Peu avant l'annonce des talibans, l'ancien vice-président Abdullah Abdullah avait le premier fait savoir que le président Ashraf Ghani avait "quitté" son pays, après sept années au pouvoir, sans préciser où il se rendait. La chaîne de télévision Tolo News a évoqué le Tadjikistan.

Un porte-parole des insurgés, Suhail Shaheen, a déclaré à la BBC qu'ils escomptaient un transfert pacifique du pouvoir "dans les prochains jours". Les talibans ont aussi promis qu'ils ne chercheraient à se venger de personne.

Vide sécuritaire?

Les craintes sont fortes d'un vide sécuritaire à Kaboul, des milliers de policiers et de militaires ayant abandonné leur poste, leur uniforme et même leurs armes.

Les Etats-Unis ont commencé l'évacuation vers l'aéroport, désormais seule porte de sortie du pays, de leurs diplomates et des civils afghans ayant travaillé pour eux qui craignent pour leur vie, soit quelque 30'000 personnes protégées par 5000 soldats américains.

Le secrétaire général de l'Otan Jens Stoltenberg a fait savoir que l'alliance aidait à sécuriser l'aéroport, où convergent Occidentaux et Afghans pour tenter de fuir le pays.

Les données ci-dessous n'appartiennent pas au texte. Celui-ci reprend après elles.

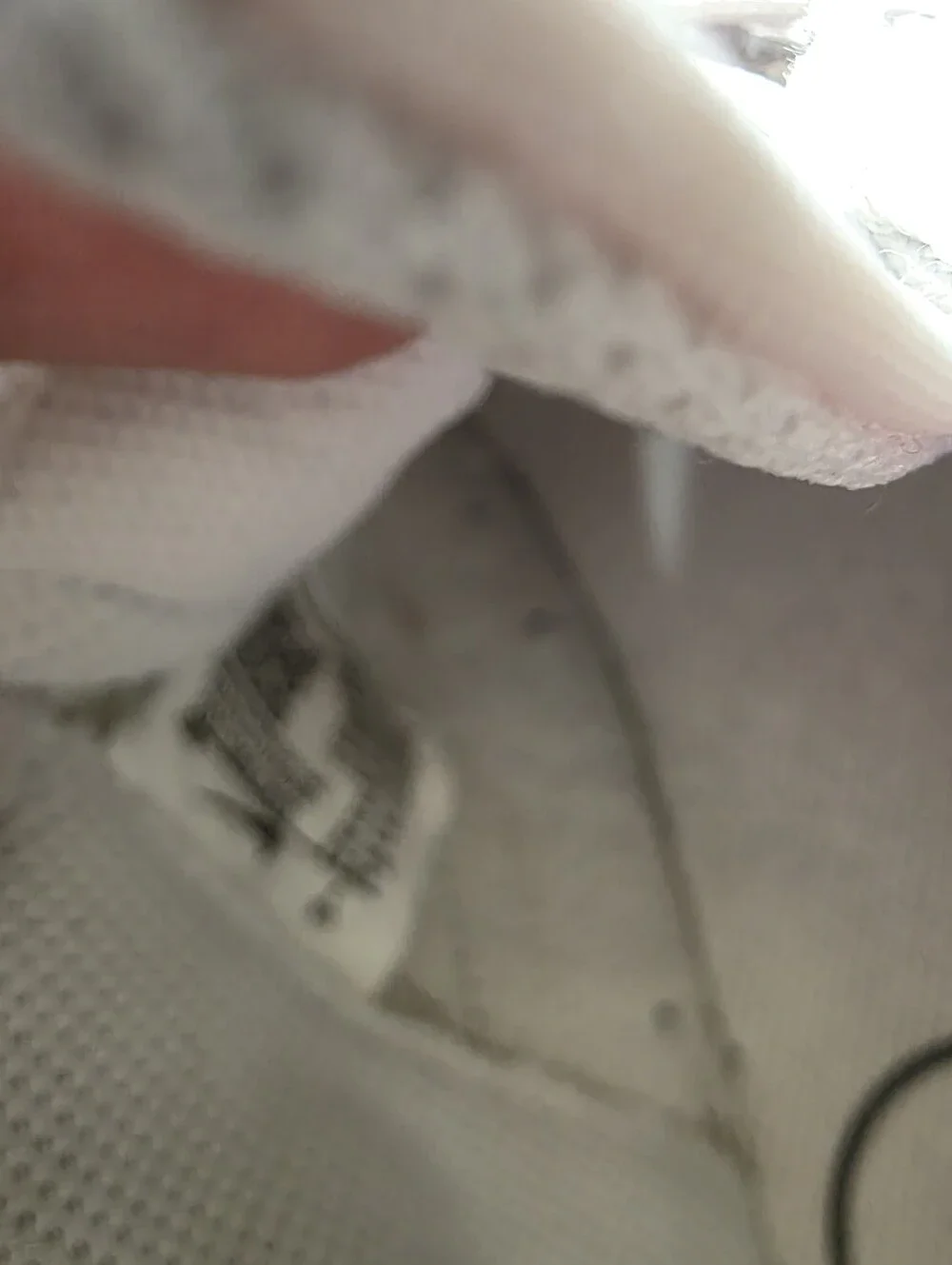 Nike White and Black Women’s Low-Top Athletic Sneakers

La Suisse a fermé temporairement son bureau de coopération dans la capitale afghane.

"Pas Saïgon"

Le président Joe Biden a défendu sa décision de mettre fin à 20 ans de guerre. "Je suis le quatrième président à gouverner avec une présence militaire américaine en Afghanistan (...). Je ne veux pas, et je ne vais pas, transmettre cette guerre à un cinquième", a-t-il lancé dimanche.

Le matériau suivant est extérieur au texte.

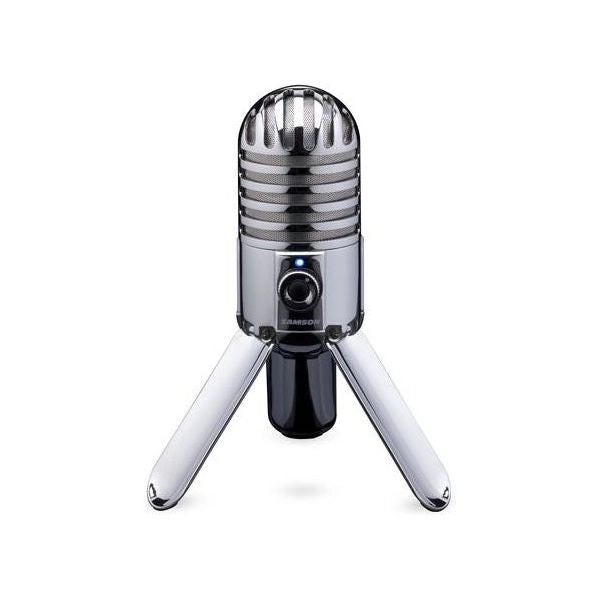 Microfono usb meteor mic chrome samtr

"Ceci n'est pas Saïgon", a quant à lui assuré le secrétaire d'Etat américain Antony Blinken sur CNN, évoquant la chute de la capitale vietnamienne, en 1975, un souvenir encore douloureux pour les États-Unis.

Au Royaume-Uni, ces derniers jours ouvertement critique concernant son allié américain, le Premier ministre britannique Boris Johnson a appelé les Occidentaux à adopter "une position commune" face aux talibans "pour éviter que l'Afghanistan ne redevienne un terreau pour le terrorisme".

Panique à Kaboul

Au fil de la journée, la panique s'est emparée de Kaboul. Les magasins ont fermé, des embouteillages monstres sont apparus. Une énorme cohue était visible auprès de la plupart des banques, les gens cherchant à retirer leur argent tant qu'il était encore temps.

Sur les réseaux sociaux, des vidéos montraient des groupes de combattants talibans lourdement armés patrouillant dans les grandes villes, brandissant des drapeaux blancs et saluant la population.

Beaucoup d'Afghans, et les femmes en particulier, habitués à la liberté de ces 20 dernières années, craignent le retour au pouvoir des talibans. Lorsqu'ils dirigeaient le pays, entre 1996 et 2001, ces derniers avaient imposé leur version ultra-rigoriste de la loi islamique.

Les talibans ont promis que s'ils revenaient au pouvoir, ils respecteraient les droits humains, en accord avec les "valeurs islamiques". Mais dans les zones nouvellement conquises, ils ont déjà été accusés de nombreuses atrocités: meurtres de civils, décapitations, enlèvements d'adolescentes pour les marier de force, notamment.